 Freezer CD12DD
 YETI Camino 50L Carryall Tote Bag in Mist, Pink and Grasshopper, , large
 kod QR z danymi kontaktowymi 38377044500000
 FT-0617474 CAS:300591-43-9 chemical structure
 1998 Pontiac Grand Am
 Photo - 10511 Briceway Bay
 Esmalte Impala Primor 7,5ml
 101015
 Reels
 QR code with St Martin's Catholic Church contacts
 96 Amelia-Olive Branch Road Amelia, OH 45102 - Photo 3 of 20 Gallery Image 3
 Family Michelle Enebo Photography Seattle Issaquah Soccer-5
--
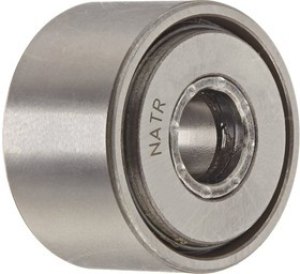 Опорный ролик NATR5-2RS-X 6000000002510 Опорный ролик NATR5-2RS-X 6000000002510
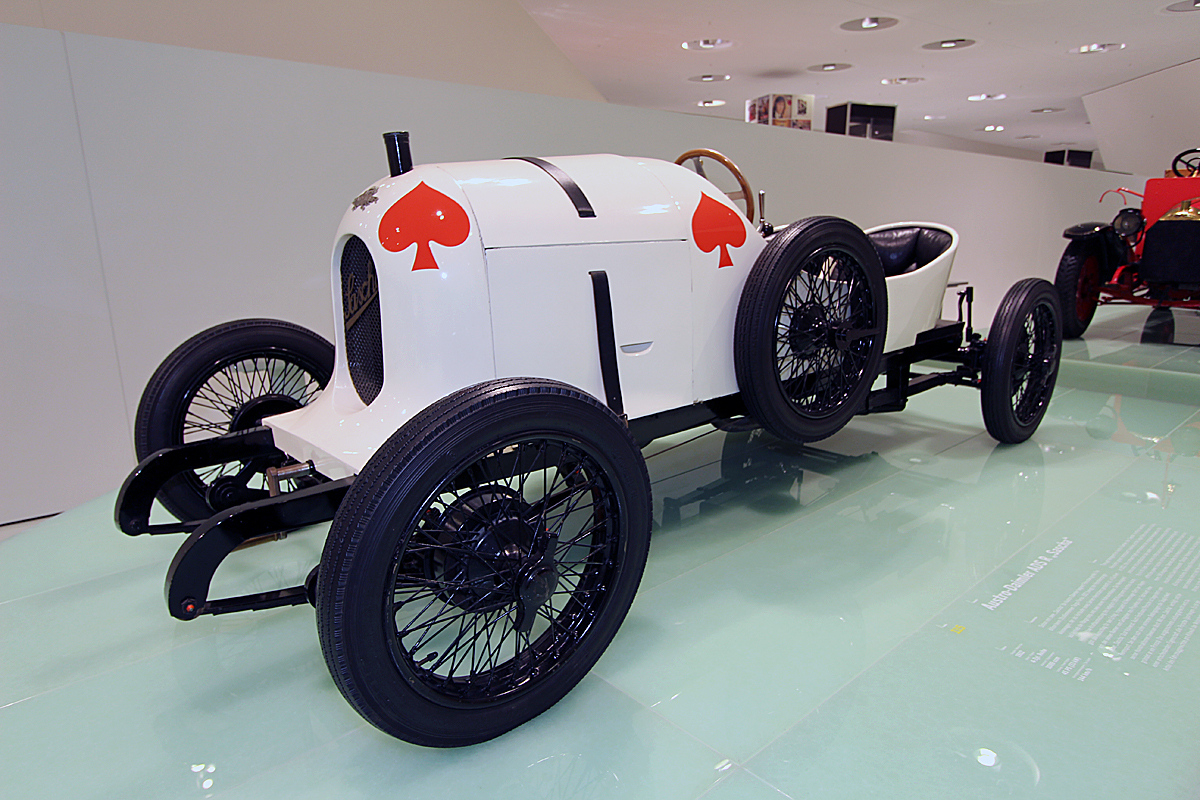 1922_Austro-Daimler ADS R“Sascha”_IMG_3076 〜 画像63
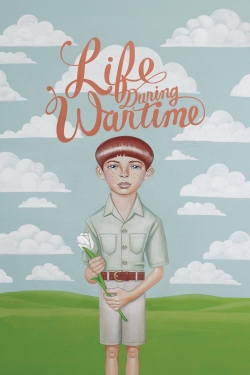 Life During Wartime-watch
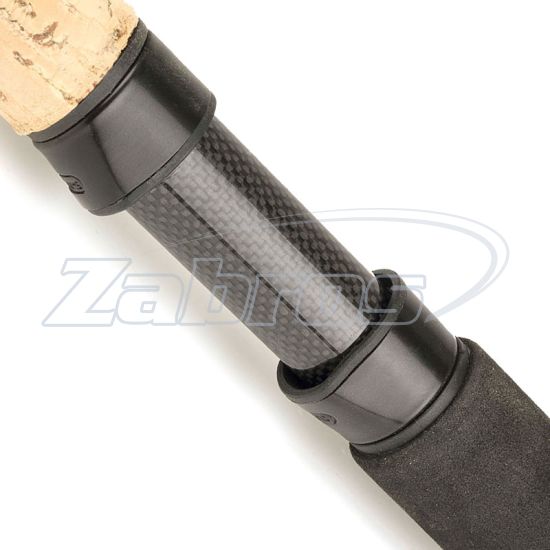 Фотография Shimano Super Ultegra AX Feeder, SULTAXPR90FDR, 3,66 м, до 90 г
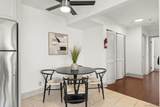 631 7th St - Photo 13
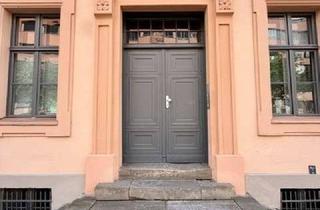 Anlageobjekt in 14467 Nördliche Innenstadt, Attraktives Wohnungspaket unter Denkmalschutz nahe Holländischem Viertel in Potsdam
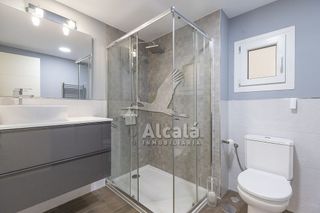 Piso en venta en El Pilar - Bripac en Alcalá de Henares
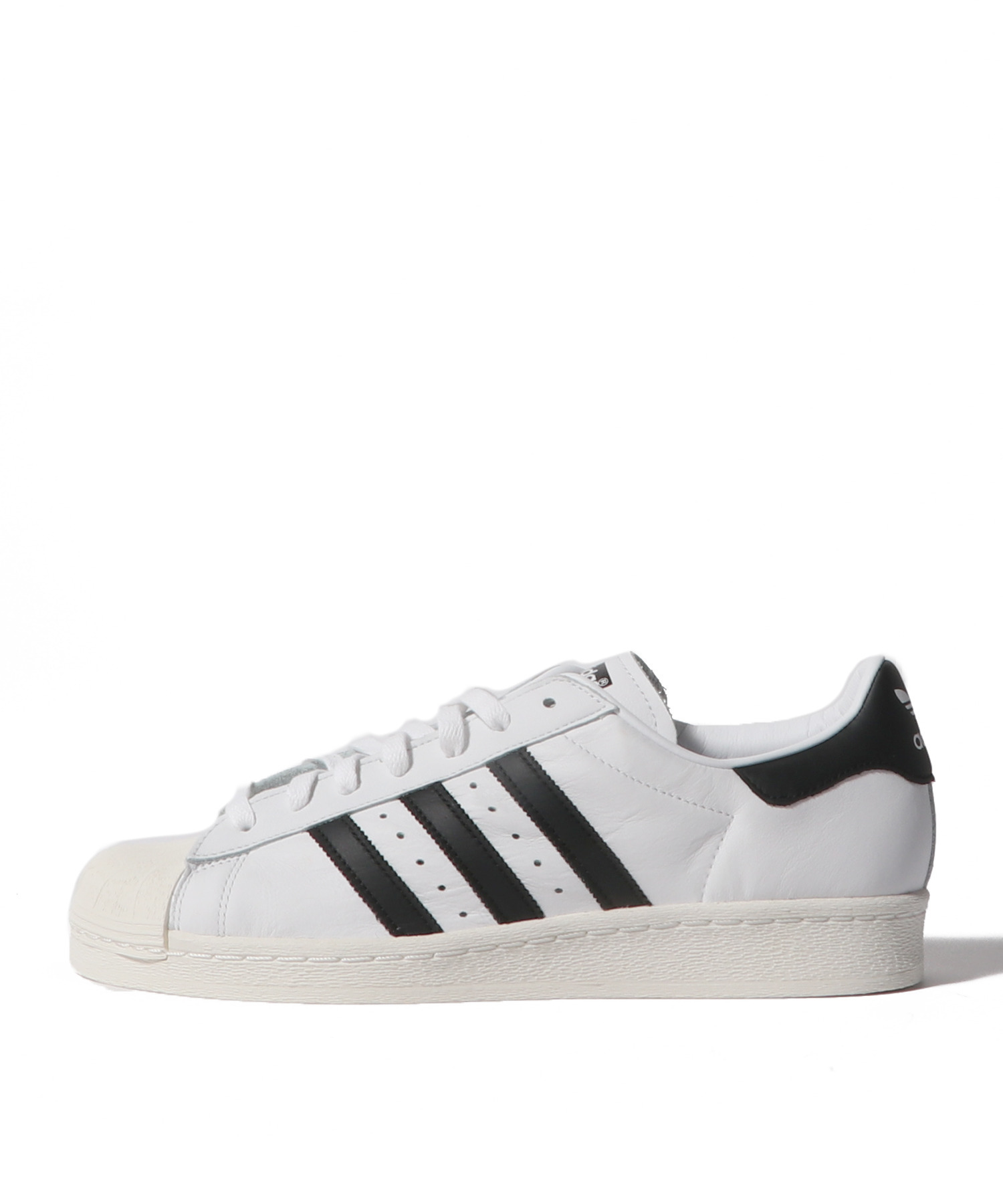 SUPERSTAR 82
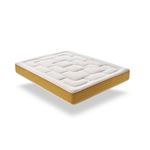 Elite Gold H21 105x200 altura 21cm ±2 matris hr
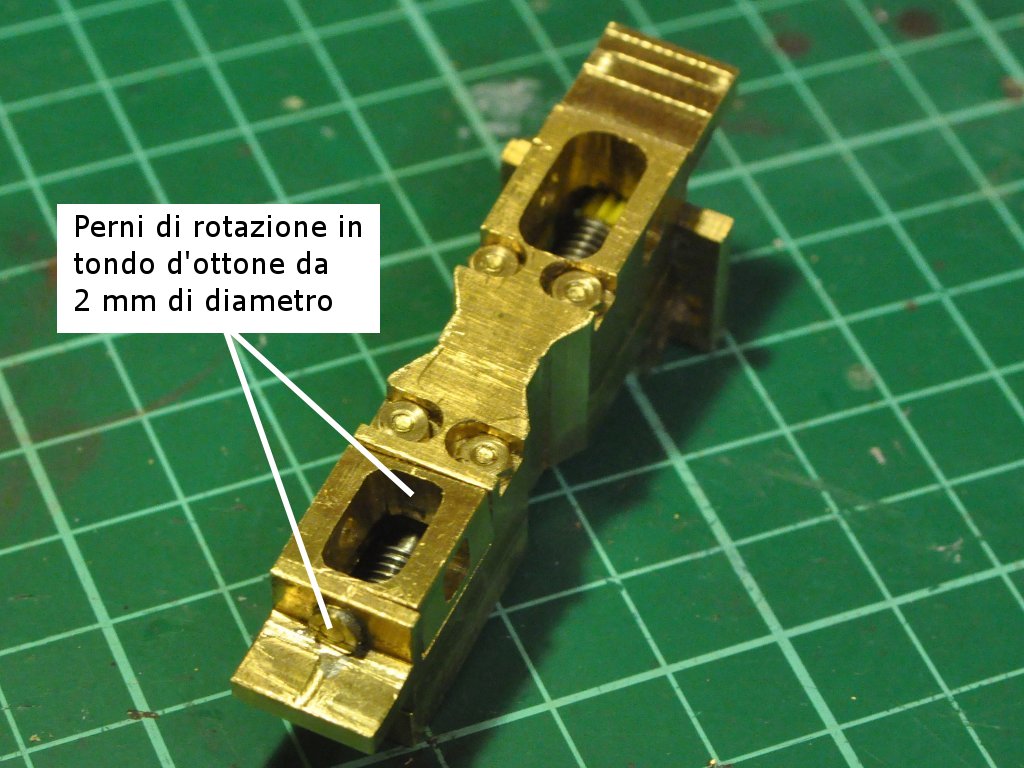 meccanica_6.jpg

§ **INSTRUCTIONS FOR THE TASK**:
Print the line above containing "631 7th St - Photo 13", the line containing "meccanica_6.jpg", and everything between them, exactly as written. Pictures stay out.

§ **TASK SOLUTION**:
 631 7th St - Photo 13
 Anlageobjekt in 14467 Nördliche Innenstadt, Attraktives Wohnungspaket unter Denkmalschutz nahe Holländischem Viertel in Potsdam
 Piso en venta en El Pilar - Bripac en Alcalá de Henares
 SUPERSTAR 82
 Elite Gold H21 105x200 altura 21cm ±2 matris hr
 meccanica_6.jpg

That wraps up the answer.